Retype the listing exactly as it stands, and keep every image out.

■ Collected material ■
※ ※ ※

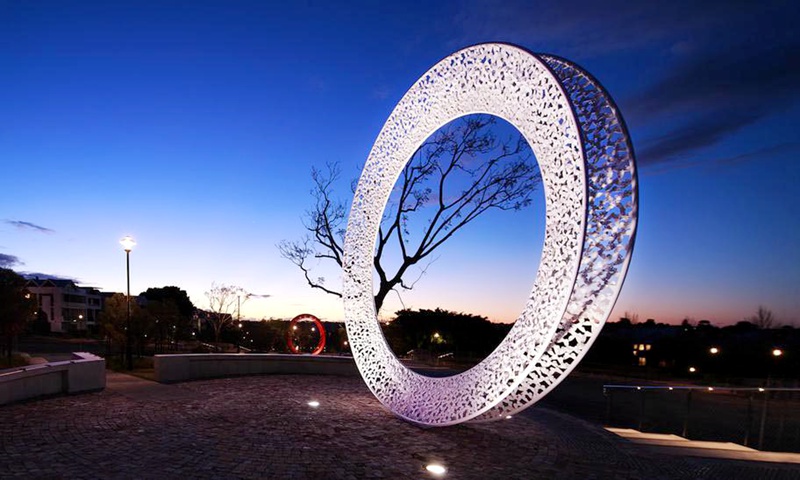 White Metal Circle Sculpture Introduction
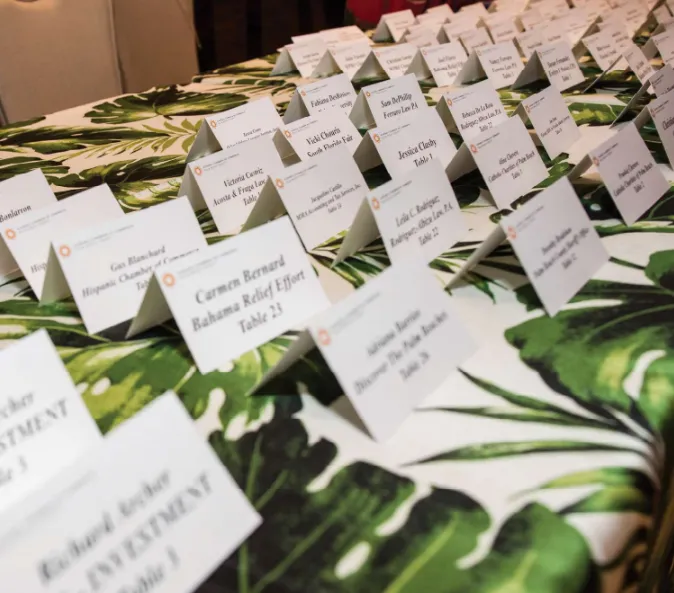 A long table covered in a tropical leaf-print tablecloth, filled with rows of white name cards for a Hispanic Chamber of Commerce networking event.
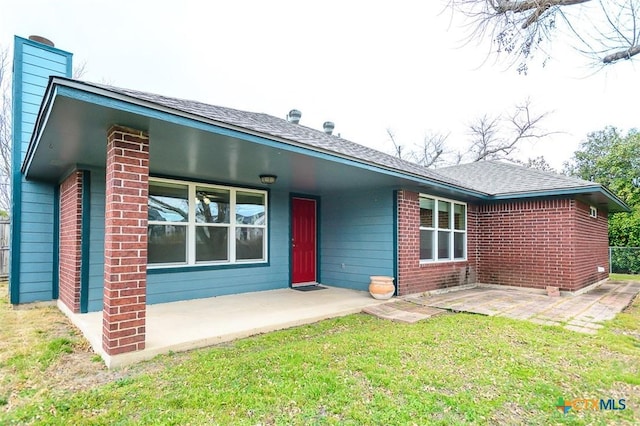 view of front of home featuring roof with shingles, a front yard, a patio, and brick siding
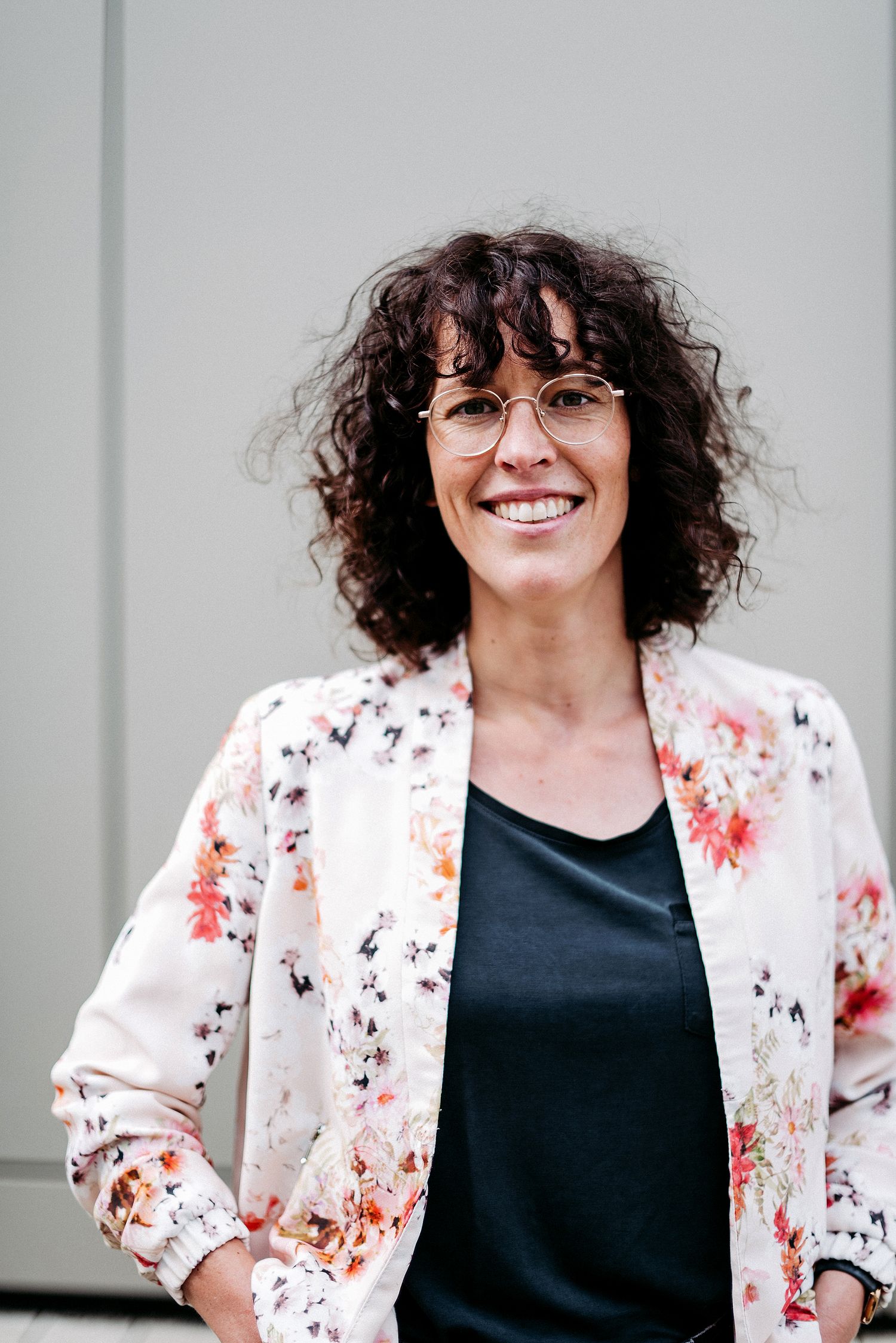 Portrait einer Frau mit braunen lockigen Haaren. Sie trägt eine Brille und eine Jacke mit floralem Muster.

※ ※ ※

■ Answer section ■
 White Metal Circle Sculpture Introduction
 A long table covered in a tropical leaf-print tablecloth, filled with rows of white name cards for a Hispanic Chamber of Commerce networking event.
 view of front of home featuring roof with shingles, a front yard, a patio, and brick siding
 Portrait einer Frau mit braunen lockigen Haaren. Sie trägt eine Brille und eine Jacke mit floralem Muster.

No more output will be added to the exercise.